==== EXTRACTED RECORDS

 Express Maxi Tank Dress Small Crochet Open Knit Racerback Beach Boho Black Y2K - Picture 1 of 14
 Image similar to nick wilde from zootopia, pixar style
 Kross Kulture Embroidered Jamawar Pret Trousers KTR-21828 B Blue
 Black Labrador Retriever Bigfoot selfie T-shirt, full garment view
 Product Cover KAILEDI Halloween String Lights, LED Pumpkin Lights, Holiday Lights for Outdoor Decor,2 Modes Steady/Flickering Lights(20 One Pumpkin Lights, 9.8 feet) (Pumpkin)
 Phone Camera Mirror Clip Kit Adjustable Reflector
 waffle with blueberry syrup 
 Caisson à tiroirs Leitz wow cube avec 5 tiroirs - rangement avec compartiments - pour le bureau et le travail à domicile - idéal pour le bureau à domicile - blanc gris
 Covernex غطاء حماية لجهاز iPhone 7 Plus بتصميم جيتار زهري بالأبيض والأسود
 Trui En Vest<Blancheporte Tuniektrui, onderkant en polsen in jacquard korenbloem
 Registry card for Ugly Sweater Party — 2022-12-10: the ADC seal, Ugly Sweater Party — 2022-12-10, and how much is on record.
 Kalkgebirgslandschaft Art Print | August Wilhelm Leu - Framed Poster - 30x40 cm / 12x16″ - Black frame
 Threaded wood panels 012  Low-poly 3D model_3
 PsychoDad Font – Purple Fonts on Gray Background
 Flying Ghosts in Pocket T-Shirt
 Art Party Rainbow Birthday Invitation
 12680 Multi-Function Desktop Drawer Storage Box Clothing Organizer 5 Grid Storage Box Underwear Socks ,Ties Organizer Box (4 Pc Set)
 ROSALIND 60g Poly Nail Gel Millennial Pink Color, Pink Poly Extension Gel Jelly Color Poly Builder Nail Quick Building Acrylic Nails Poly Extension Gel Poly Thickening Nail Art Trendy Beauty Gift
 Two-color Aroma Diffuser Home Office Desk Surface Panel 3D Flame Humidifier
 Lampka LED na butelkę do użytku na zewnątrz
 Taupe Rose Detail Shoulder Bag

========

WHAT THIS TASK INVOLVES:
Among the records, find each line where the word "Black" occurs, and copy it.

ANSWER BOX:
 Express Maxi Tank Dress Small Crochet Open Knit Racerback Beach Boho Black Y2K - Picture 1 of 14
 Black Labrador Retriever Bigfoot selfie T-shirt, full garment view
 Kalkgebirgslandschaft Art Print | August Wilhelm Leu - Framed Poster - 30x40 cm / 12x16″ - Black frame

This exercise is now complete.